◆ **GIVEN DATA**:
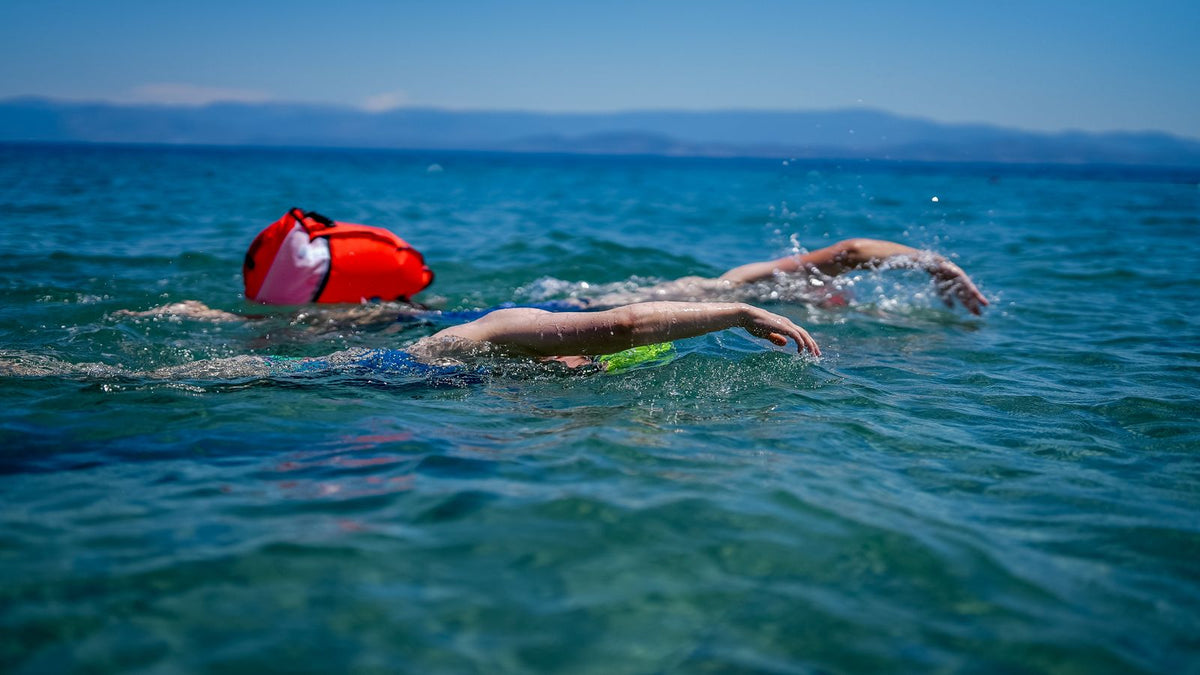 Two swimmers wearing caps in open blue water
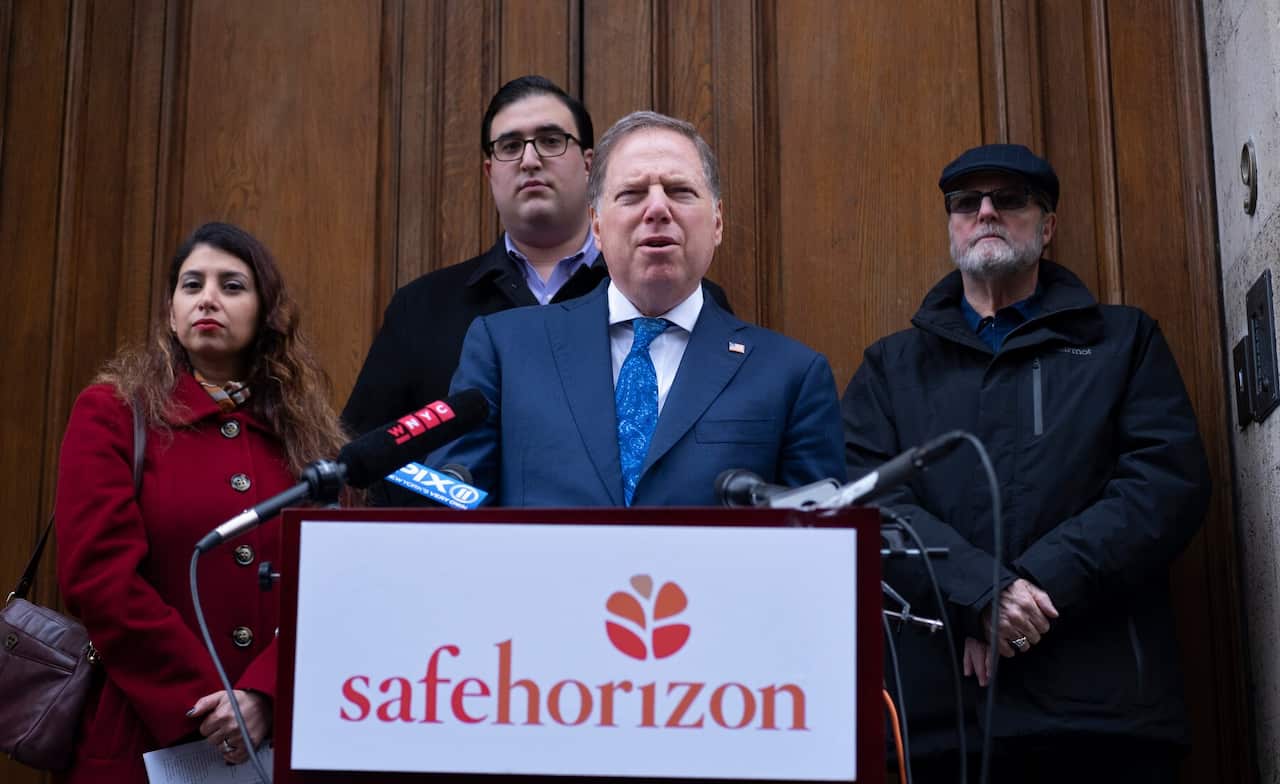 U.S. Attorney Geoffrey Berman, standing outside Jeffrey Epstein's Manhattan home with victims of childhood sexual abuse 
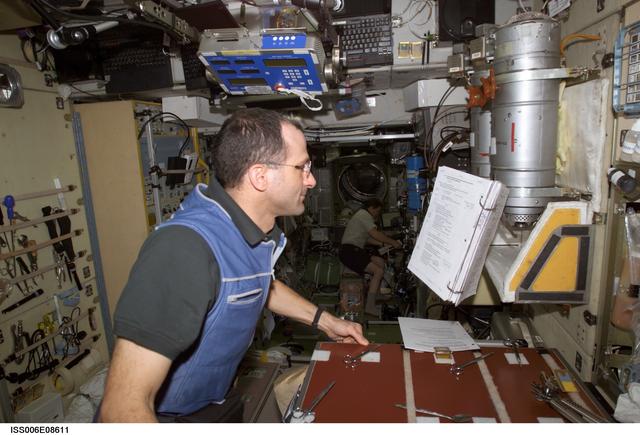 NASA image: Expedition Six Flight Engineer Pettit is looking at a procedures checklist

◆ **TRY IT**:
Would you retype the material exactly, omitting each picture?

◆ **RESPONSE BELOW**:
 Two swimmers wearing caps in open blue water
 U.S. Attorney Geoffrey Berman, standing outside Jeffrey Epstein's Manhattan home with victims of childhood sexual abuse 
 NASA image: Expedition Six Flight Engineer Pettit is looking at a procedures checklist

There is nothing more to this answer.